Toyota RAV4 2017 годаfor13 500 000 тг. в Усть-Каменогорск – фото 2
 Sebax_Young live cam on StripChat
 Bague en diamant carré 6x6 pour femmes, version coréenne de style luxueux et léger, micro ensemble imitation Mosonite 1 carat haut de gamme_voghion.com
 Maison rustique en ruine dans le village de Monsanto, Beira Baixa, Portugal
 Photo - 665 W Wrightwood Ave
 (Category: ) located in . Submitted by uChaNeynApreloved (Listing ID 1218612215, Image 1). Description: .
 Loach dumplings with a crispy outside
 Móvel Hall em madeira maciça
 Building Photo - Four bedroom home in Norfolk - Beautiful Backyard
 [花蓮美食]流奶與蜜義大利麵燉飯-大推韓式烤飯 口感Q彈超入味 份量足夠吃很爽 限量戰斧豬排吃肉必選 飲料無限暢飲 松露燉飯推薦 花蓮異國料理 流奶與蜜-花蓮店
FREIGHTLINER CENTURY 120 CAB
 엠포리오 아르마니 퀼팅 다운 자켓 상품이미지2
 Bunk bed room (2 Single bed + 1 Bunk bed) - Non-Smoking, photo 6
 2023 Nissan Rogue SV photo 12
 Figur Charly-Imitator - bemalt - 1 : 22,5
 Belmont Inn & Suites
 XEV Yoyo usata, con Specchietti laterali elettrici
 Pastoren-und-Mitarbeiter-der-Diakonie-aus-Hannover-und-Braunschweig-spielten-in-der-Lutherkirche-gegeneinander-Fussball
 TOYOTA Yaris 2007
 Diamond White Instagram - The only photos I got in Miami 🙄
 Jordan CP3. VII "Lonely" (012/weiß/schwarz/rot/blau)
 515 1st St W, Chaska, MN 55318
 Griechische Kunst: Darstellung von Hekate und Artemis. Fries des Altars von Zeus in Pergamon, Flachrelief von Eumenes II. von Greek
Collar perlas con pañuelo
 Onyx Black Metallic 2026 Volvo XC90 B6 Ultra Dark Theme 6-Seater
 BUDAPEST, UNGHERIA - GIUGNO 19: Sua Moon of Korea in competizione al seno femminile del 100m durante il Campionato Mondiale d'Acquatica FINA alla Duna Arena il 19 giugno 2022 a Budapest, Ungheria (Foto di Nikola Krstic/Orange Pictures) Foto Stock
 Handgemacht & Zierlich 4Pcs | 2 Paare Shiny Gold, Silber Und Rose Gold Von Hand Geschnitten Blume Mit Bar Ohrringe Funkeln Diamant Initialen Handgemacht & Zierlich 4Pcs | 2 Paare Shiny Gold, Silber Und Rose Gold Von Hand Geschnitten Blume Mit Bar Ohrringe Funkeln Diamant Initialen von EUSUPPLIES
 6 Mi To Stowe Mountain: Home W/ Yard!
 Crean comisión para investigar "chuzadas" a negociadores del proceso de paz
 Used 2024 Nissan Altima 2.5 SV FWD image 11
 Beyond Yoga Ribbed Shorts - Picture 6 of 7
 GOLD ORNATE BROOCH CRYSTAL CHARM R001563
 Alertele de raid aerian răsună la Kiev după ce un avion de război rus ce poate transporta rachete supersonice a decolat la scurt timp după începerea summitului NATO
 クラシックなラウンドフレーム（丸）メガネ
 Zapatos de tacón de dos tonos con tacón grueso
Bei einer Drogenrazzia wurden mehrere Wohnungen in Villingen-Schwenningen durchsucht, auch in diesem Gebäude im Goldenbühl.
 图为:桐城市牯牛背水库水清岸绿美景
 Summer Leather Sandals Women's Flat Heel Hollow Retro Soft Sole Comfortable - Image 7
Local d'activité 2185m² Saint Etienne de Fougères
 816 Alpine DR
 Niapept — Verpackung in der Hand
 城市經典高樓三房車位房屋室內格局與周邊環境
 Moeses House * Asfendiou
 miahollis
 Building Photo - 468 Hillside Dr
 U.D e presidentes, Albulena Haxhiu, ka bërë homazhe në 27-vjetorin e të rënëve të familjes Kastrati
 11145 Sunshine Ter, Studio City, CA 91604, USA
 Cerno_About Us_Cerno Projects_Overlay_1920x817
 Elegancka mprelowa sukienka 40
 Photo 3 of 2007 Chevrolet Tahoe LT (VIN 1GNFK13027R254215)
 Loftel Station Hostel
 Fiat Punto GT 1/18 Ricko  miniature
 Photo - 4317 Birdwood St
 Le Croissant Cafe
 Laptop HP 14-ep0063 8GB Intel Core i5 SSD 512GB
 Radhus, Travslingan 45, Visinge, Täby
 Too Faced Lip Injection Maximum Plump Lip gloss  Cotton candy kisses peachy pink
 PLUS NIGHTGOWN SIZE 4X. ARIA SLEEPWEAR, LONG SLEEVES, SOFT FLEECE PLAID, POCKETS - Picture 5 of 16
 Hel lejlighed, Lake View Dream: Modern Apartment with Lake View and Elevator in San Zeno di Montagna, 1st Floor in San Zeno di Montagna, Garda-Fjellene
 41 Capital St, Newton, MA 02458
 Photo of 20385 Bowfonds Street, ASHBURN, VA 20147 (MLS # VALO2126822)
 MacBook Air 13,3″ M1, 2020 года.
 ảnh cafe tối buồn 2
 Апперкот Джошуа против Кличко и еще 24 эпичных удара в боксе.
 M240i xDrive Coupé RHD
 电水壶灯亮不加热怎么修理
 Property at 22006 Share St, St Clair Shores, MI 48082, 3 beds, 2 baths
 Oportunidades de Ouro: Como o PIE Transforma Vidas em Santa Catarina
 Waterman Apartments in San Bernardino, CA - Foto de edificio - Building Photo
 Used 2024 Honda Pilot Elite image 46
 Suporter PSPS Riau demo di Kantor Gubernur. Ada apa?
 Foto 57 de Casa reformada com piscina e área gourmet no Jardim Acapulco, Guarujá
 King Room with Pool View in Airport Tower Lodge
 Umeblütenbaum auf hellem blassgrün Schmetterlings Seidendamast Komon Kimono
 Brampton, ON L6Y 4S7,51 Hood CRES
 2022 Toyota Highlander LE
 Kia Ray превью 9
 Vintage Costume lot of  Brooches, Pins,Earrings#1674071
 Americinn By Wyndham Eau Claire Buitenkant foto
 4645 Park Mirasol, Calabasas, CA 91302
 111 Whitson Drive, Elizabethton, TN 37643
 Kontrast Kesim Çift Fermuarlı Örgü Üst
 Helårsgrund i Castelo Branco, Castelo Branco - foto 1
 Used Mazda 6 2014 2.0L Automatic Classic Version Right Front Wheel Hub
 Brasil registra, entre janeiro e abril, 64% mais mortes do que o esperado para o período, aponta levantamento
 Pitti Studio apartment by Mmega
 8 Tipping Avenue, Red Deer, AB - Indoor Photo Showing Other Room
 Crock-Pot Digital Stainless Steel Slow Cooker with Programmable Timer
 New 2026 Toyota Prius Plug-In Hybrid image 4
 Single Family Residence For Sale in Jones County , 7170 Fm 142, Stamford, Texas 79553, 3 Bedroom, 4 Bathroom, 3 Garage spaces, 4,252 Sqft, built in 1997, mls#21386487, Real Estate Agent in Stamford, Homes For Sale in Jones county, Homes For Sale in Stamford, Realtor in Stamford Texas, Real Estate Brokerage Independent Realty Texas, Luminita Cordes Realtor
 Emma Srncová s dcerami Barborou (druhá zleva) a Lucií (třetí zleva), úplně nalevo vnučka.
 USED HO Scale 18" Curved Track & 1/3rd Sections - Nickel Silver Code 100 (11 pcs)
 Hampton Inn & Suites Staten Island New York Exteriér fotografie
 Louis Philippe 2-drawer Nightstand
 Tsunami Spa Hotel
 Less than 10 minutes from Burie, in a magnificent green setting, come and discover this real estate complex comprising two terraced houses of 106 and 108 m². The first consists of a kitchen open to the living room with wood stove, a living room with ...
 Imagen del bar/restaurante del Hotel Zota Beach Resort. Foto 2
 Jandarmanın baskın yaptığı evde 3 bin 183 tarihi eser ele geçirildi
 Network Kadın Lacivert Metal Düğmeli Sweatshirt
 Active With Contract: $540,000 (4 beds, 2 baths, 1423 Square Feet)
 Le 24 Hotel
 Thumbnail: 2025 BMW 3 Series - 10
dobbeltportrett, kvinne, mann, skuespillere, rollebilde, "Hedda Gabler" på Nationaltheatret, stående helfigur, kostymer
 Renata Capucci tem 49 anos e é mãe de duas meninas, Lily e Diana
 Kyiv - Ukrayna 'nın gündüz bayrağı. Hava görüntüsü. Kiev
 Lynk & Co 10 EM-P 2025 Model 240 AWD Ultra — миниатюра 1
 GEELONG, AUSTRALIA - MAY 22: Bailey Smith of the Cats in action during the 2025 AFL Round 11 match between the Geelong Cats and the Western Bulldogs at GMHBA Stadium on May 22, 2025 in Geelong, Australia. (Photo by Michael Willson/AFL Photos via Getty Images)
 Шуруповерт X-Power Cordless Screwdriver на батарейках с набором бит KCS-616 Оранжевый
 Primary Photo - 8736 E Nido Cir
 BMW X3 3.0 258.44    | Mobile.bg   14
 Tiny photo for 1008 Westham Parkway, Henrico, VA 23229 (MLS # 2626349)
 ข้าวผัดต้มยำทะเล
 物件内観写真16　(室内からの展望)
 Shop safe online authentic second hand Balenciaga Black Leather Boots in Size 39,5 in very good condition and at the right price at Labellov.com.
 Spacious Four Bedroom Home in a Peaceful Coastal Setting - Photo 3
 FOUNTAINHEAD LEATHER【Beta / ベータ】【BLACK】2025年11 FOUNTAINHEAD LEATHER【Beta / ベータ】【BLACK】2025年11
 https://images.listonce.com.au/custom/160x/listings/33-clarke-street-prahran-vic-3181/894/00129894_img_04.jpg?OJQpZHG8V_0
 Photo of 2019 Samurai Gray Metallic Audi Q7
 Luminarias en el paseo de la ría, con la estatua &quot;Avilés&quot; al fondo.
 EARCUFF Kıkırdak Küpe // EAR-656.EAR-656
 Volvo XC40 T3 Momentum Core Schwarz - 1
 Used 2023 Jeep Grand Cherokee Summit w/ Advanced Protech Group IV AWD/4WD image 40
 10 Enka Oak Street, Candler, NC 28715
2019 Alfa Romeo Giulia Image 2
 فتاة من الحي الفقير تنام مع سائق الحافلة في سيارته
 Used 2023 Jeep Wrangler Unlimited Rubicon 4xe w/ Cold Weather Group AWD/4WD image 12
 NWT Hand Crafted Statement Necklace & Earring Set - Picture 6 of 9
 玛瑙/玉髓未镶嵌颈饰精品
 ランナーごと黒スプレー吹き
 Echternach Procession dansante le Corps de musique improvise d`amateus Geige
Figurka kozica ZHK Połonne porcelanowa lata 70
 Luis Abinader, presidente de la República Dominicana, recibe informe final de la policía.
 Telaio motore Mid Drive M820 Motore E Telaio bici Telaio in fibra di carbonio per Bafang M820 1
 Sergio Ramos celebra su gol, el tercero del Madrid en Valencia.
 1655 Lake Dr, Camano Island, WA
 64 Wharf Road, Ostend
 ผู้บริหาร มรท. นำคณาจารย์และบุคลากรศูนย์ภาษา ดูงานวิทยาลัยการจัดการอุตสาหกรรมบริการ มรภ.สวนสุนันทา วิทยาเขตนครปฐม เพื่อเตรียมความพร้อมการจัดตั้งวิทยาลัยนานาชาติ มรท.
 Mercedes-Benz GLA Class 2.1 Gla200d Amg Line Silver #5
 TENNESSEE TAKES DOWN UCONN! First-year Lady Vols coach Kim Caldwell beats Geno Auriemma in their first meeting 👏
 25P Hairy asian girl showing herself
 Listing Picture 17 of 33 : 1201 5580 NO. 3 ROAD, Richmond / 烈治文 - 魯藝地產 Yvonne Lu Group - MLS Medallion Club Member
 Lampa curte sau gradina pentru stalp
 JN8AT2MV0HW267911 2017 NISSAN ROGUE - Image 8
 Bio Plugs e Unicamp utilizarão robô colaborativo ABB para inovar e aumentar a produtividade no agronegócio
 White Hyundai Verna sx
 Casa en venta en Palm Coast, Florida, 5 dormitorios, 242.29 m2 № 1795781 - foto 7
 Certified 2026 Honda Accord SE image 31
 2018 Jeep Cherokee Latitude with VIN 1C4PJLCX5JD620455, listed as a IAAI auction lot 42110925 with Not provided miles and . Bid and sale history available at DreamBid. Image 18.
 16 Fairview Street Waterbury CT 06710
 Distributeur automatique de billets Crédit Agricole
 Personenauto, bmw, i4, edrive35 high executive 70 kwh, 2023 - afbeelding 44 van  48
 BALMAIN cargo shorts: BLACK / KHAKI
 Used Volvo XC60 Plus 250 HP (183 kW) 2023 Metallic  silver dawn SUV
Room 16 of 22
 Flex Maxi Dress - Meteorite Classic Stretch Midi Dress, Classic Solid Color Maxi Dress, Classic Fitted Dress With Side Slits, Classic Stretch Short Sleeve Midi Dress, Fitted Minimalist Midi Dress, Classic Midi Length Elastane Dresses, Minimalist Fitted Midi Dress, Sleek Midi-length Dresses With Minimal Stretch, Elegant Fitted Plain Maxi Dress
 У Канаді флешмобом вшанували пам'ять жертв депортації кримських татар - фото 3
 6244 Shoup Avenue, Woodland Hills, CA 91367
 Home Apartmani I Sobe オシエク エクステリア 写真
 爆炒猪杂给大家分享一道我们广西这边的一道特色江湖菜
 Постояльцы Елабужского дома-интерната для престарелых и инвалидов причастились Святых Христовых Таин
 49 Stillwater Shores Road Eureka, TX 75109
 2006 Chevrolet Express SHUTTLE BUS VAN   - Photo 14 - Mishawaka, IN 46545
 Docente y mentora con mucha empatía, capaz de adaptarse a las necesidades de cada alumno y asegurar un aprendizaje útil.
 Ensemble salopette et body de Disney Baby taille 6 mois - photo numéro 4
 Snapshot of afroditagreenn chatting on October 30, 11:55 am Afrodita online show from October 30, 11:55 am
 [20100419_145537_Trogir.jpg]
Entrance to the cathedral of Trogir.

**********

» AIM OF THE EXERCISE
Please return exactly the lines that run from the line with "[20100419_145537_Trogir.jpg]" through the end of the records above, both included, and nothing more.

» RESULT OF THE TASK
 [20100419_145537_Trogir.jpg]
Entrance to the cathedral of Trogir.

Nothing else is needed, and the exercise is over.